Un ve suyun karıştırılmasının ardından hamurun ince ince tel haline getirilerek sofralara uzanan yolculuğu zaman ve sabır gerektiriyor. Teknolojinin gelişmesi ile ürün çeşitliliğine rağmen dökme usullerle kadayıf üreten Demirkan, geleneksel yöntemlerle yapılan kadayıfın damak tadının diğerlerinden farklı olduğunu vurguluyor.
Makine ile saatte 90 kilogram ürün elde edilebilirken Demirkan ise saatte 5 kilogram kadayıf üretiyor. 1990’lı yıllarda çırak olarak başladığı mesleğini 30 yıldır aralıksız devam ettirdiğini belirten Rafet Demirkan, dökme yöntemlerle kadayıf üretiminin Osmancık’ın yanı sıra Çorum ve İskilip’te yapıldığını söyledi.
Saatte 5 kilo
Aralıksız dönen bakır tepside saatte 5 kilo kadayıf üretimi gerçekleştirildiğini ifade eden Demirkan, “Osmancık’ın eski simitçilerinden rahmetli Güngör ustamız vardı, o yapıyordu bu işi. Ben de simit satıyordum, ustam Ramazan ayında yaparken bu işi ben de merak ediyordum, bakıyordum ona ’acaba ben de dökebilir miyim?’ diye. O da bir gün ’gel oğlum dök’ dedi. El verdi ben de bu işi öğrendim. 1990’dan bu tarafa da bu işi yapıyorum” dedi.
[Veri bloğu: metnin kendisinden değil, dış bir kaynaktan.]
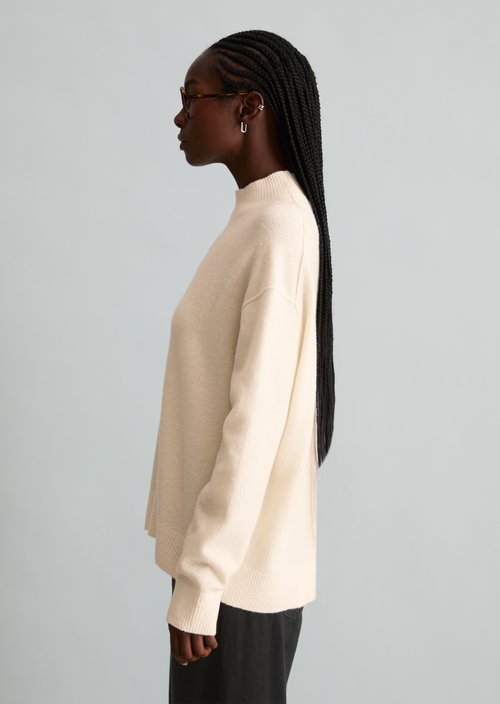 Knitted sweater regular — White Blush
“Sadece Ramazan ayına özel yapıyoruz”
Sadece Ramazan ayına özel dökme kadayıf yaptıklarını anlatan Demirkan, “Dökme tel kadayıfı bir Osmancık’ta bir de İskilip’te var. Sacımız dövme bakır, hamurun özünü kürekle döve döve yaparak kıvamına getiriyoruz. Bu yöntem biraz zahmetli, makinesi var ama bu lezzeti tutmuyor. Makinede saatte 90 kilogram üretim yapılıyor biz ise saatte 5 kilogram kadayıf üretebiliyoruz. Bakır tepsinin 10 defa dönmesinde 1 kilo kadayıf alabiliyoruz. Geleneksel yöntemle üretilen dökme tel kadayıfını sadece Ramazan ayına özel yapıyoruz. Hem geleneksel olan hem de maharet, ustalık ve sabır isteyen dökme kadayıf Ramazan ayında iftar sofralarında en çok tercih edilen tatlıların başında geliyor” diye konuştu.